A Operação Faraó foi realizada em parceria com a Polícia Federal e a Controladoria-Geral da União (CGU). As investigações seguem em andamento e não se limitam às denúncias já apresentadas. O projeto Sífilis Não, financiado pelo Ministério da Saúde, tinha como objetivo reduzir casos de sífilis adquirida e em gestantes no Brasil. Os recursos eram repassados à UFRN e executados por meio da Funpec e do Lais.
Em comunicado, o Laboratório de Inovação Tecnológica em Saúde, da UFRN, afirma ter conhecimento de todas as acusações e informa que já ofereceu aos denunciantes todos os documentos comprobatórios sobre os questionamentos realizados. Segundo a nota, “a todo momento, os pesquisadores citados apresentaram seus esclarecimentos, com base na legislação vigente, comprovando a legalidade de todas as ações realizadas no decorrer do Projeto. Neste momento, os pesquisadores citados estão tranquilos, pois sabem da lisura de seus atos e estão cientes e confiantes quanto aos processos que estão por vir”.
Outro ponto destacado pelo laboratório é que, em agosto de 2025, o Ministério Público Federal (MPF) ofereceu um Acordo de Não Persecução Penal (ANPP) a pesquisadores da Universidade Federal do Rio Grande do Norte (UFRN). A proposta, segundo o comunicado, buscava encerrar o processo judicial sob a justificativa de evitar custos advocatícios e o sofrimento psicológico dos envolvidos.
De acordo com a nota, os acadêmicos rejeitaram a oferta por considerarem as acusações “totalmente infundadas”. Diante da negativa, o procurador deu prosseguimento aos trâmites legais de sua competência. Ao abrir mão da resolução simplificada, o grupo reafirmou sua convicção na inocência e o desejo de prová-la perante a Justiça.

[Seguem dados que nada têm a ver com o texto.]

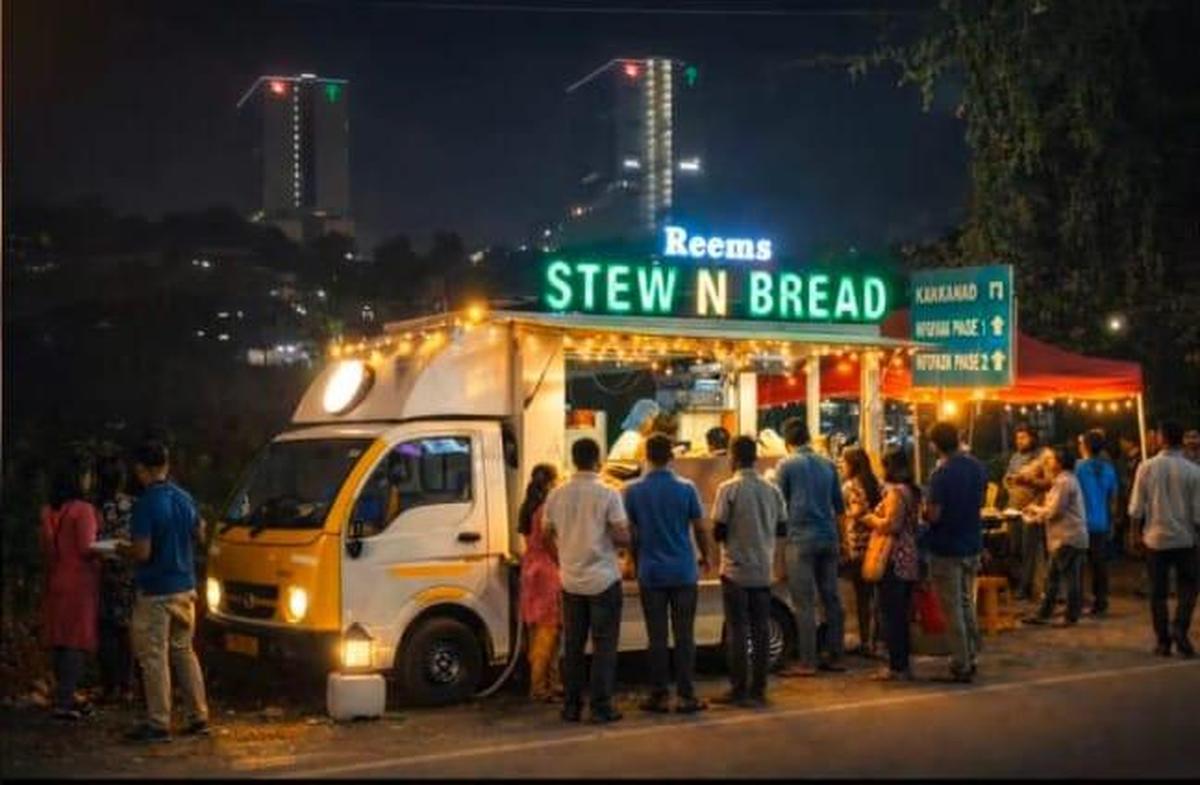How the humble Kerala stew is finally having its moment How the humble Kerala stew is finally having its moment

Os pesquisadores deverão, inclusive, formalizar uma representação junto ao Conselho Nacional do Ministério Público (CNMP) por abuso de autoridade, em virtude dos “constrangimentos e da exposição a que foram e continuam sendo submetidos”.
Histórico
A Operação Faraó foi deflagrada em 2023 por uma força-tarefa envolvendo Polícia Federal, Ministério Público Federal e Controladoria-Geral da União para investigar suspeitas de desvio de recursos do Ministério da Saúde destinados ao projeto “Sífilis, Não!”. A apuração teve início a partir de uma denúncia anônima sobre possíveis irregularidades em um contrato de R$ 50 milhões para campanhas publicitárias.
As investigações identificaram indícios de licitação fraudulenta, superfaturamento e direcionamento de contratos, além do uso indevido de recursos públicos. Entre as irregularidades apontadas estão pagamento de diárias em duplicidade, custeio de viagens sem relação com o projeto e uso de cartões corporativos para despesas pessoais.

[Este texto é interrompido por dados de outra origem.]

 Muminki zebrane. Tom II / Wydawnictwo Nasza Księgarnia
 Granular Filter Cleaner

Também foram reunidas evidências de gastos com hospedagens, alimentação em restaurantes de alto padrão e até despesas envolvendo familiares de investigados, incluindo viagens com filho e babá. Parte desses custos teria sido vinculada a eventos sem relação direta com o projeto. Os prejuízos aos cofres públicos foram estimados em mais de R$ 26,5 milhões.
Ricardo Valentim
Ricardo Valentim é bastante conhecido no RN e um profissional de destaque na área da saúde e tecnologia. Como diretor do Lais e membro do comitê científico estadual, ele deu várias entrevistas e orientações através da imprensa durante a pandemia da Covid-19. Em 2024, esteve entre os 100 profissionais mais influentes na área da saúde.

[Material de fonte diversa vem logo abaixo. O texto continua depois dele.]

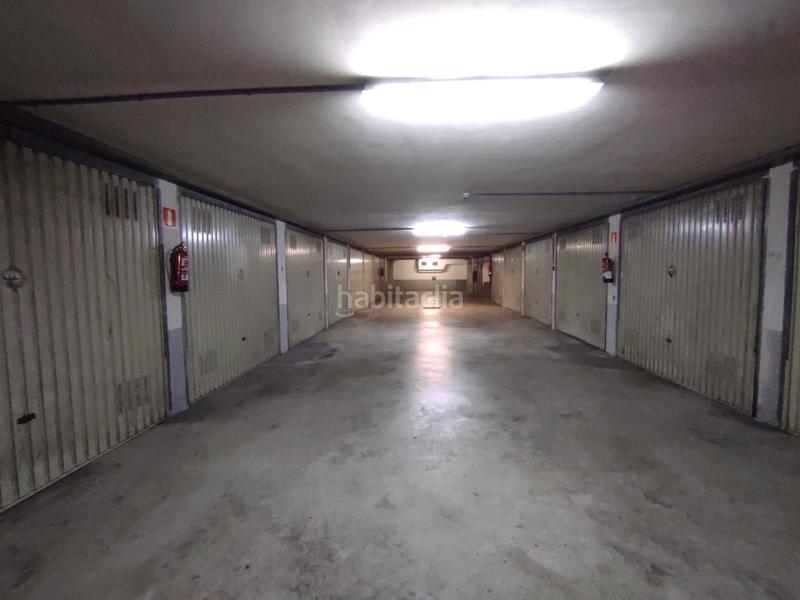 Foto 8f18a20a-d372-4827-ad69-abdccf74abf0. Miete autoparkplatz in Eibar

Em março, ele apresentou prova para promoção a professor titular defendendo maior atenção e investimentos em inovação em saúde no Brasil. A defesa contou com a participação de banca composta por docentes da UFRN e de outras instituições, que aprovaram a concessão do título.
UFRN
A Universidade Federal do Rio Grande do Norte reforça que não está sendo acusada nas ações mencionadas. Nesse sentido, cabe às pessoas envolvidas no processo prestarem os devidos esclarecimentos, no exercício da ampla defesa e do contraditório.